When interpreting a particular term or obligation in a business agreement, the starting point is to ask contractual parties what their intention was. The next step is to interpret in accordance with conventional use and to review in the backdrop of the whole business agreement. This requires not only an understanding on rules on legal interpretation, but also commercial knowledge to draft or argue either way – this is where we assist.
Different terms and obligations will have different implications to the parties, depending on the market and intended use within the business agreement.
Should the parties act in good faith?
Interestingly, English law does not recognise a contractual duty of good faith. That is not to say that a good faith clause is not fairly commonly inserted into business agreements. The parties can agree to act in good faith but in practice what this means, and whether there has been a breach, will depend upon the agreement and the facts.

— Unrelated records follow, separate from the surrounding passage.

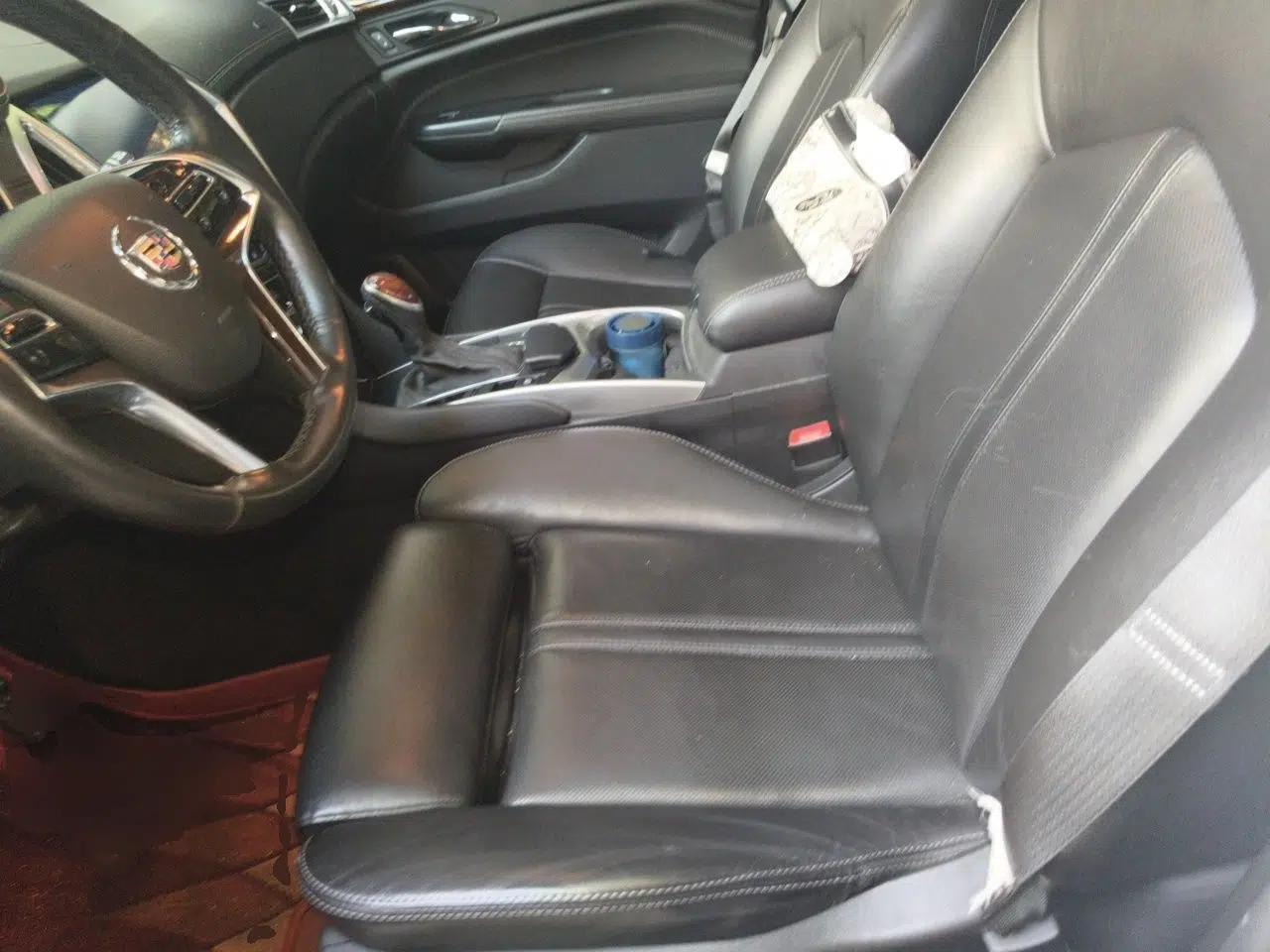 Cadillac SRX 2014 3.0L Leading Model — миниатюра 16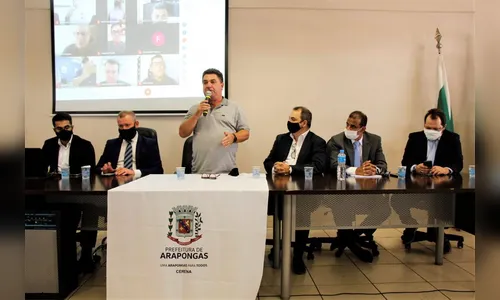 Prefeitos participam de reunião com empresa sobre vacinas
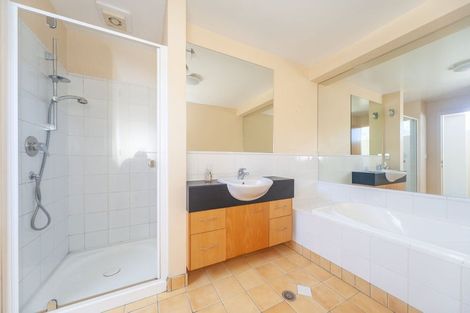 Photo of property in Endeavour Apartments, 125u8 Thorndon Quay, Pipitea, Wellington, 6011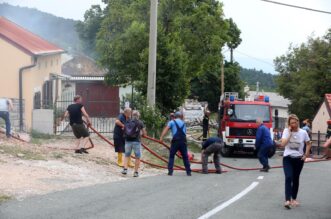 Hreljin: Vatrogasci i mjetani gase poar ku?e i ume Hreljin: Vatrogasci i mjetani gase poar ku?e i ume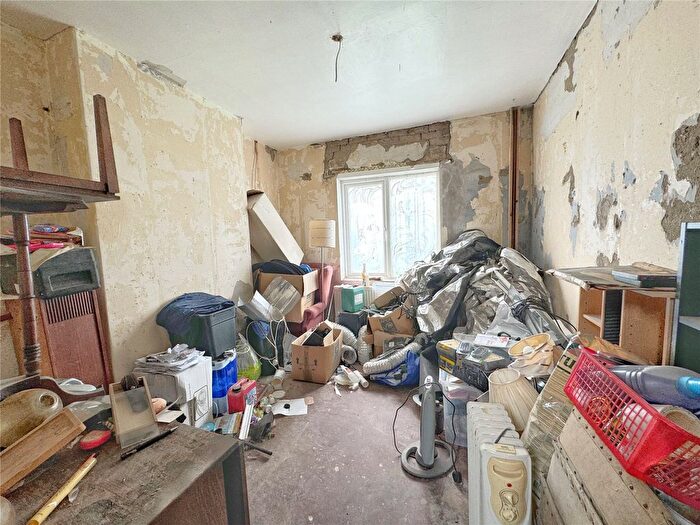 2 Bedroom Semi-Detached House For Sale In Maple Avenue, Haslingden, Rossendale, BB4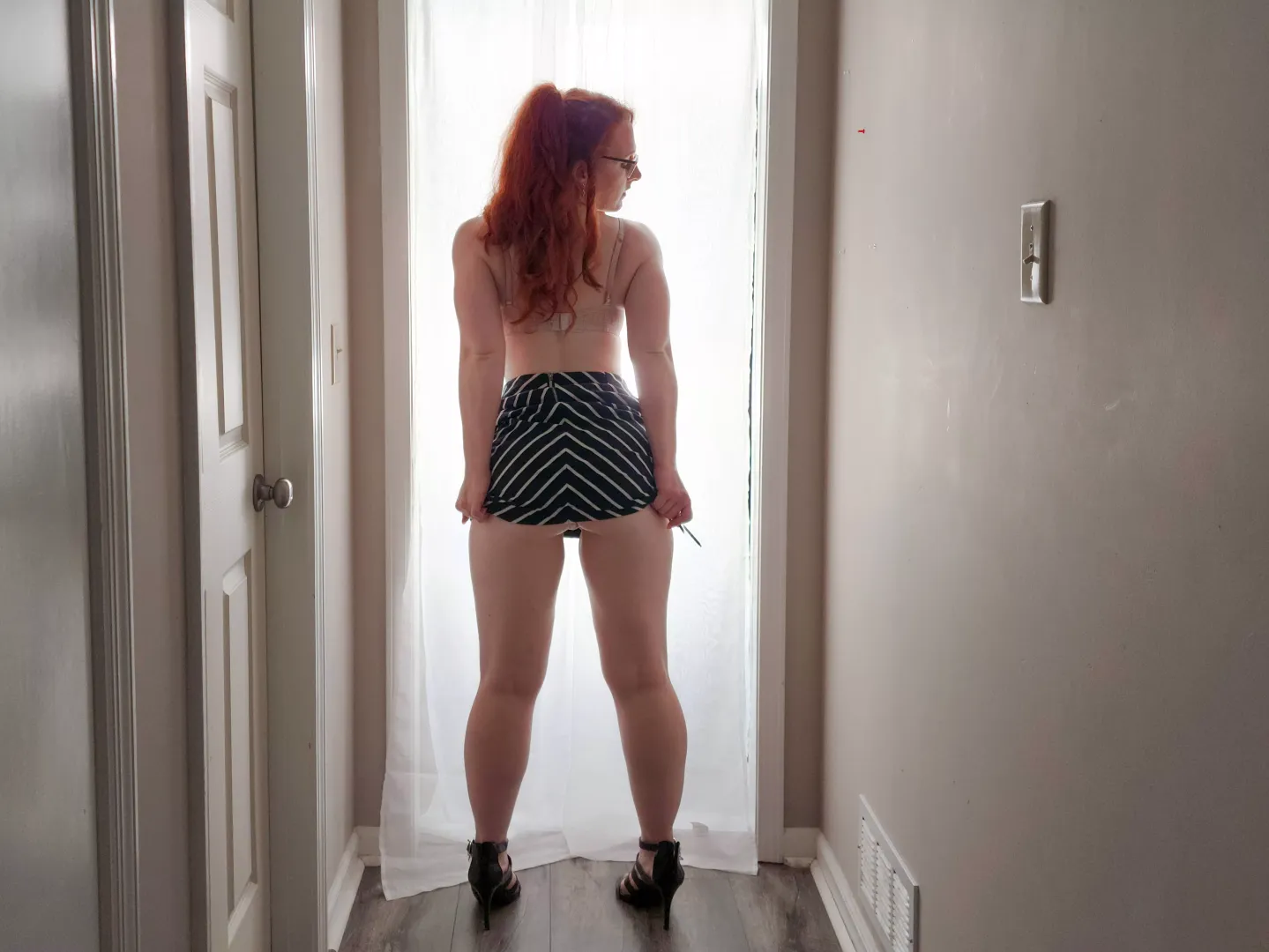 My skirt kept riding up in the office today 🍑😘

Even without mention of good faith there is a duty of rationality, and a duty for each party to act within their powers, for example under its articles of association.
Can a party be forced to act in good faith?
A party can be obliged to act in good faith, but it will take a factual analysis to decide whether a party has breached this obligation. The very use of a good faith clause can be enough to persuade a defaulting party to enter into settlement discussions, or agree on mediation to resolve the business agreement breach. However, in some cases more formal litigation procedures are required depending upon the attitude of the parties and the sums of money involved.
Jurisdiction & governing law under business contract
Most, but not all, business agreements contain a clause detailing the relevant jurisdiction, and law, to be applied in the event of a dispute. We often find businesses confused over the difference between law and jurisdiction. Put simply:
- Law: refers to the law that governs the business agreement; and
- Jurisdiction: refers to a country’s courts that will have the power to adjudicate over the agreement and its law and any dispute arising out of it.
How jurisdiction works in business contract
This means that the business agreement may be subject to French law, but adjudicated in England and Wales. We are commonly instructed on disputes relating to the sale of goods. Under sale of goods agreements, in the absence of choice, the governing law for the business agreement will be the country where the seller has its habitual residence. Legal and commercial factors will play a factor in determining exactly where the seller’s habitual residence is.
By anticipating any future dispute, and using our knowledge of the intricacies behind EU and non-EU rules on jurisdiction and law, we manage business risk and avoid exposure to litigation further down the line.
Arbitration clauses under business contract
To limit your costs should a dispute over the business agreement arise, we are able to draft suitable arbitration provisions. England and Wales is fast becoming the forum of choice for arbitration proceedings, as an alternative to the litigation procedure. This is due to the fact that usually, arbitrators are experts in their chosen field and bring commercial as well as legal knowledge to the table.
We will consider your concerns over the other party’s potential non-performance of their obligations to ensure that:
- You are not exposed to expensive and time consuming litigation over the meaning of the arbitration agreement or clause;
- Your chances of successfully enforcing an arbitration award are not jeopardised by failing to include choice of jurisdiction and/or choice of law provisions; and
- You are not bound to unnecessary and expensive procedures or rules that you are not happy with.
Mediation to resolve business contract disputes
There can be enormous benefits in terms of time and costs to consider mediation before taking steps to invoke arbitration provisions or litigation. We draft the option for you to use mediation. We also run and manage mediation processes for you making sure the evidence and everything you need for a successful outcome is in place.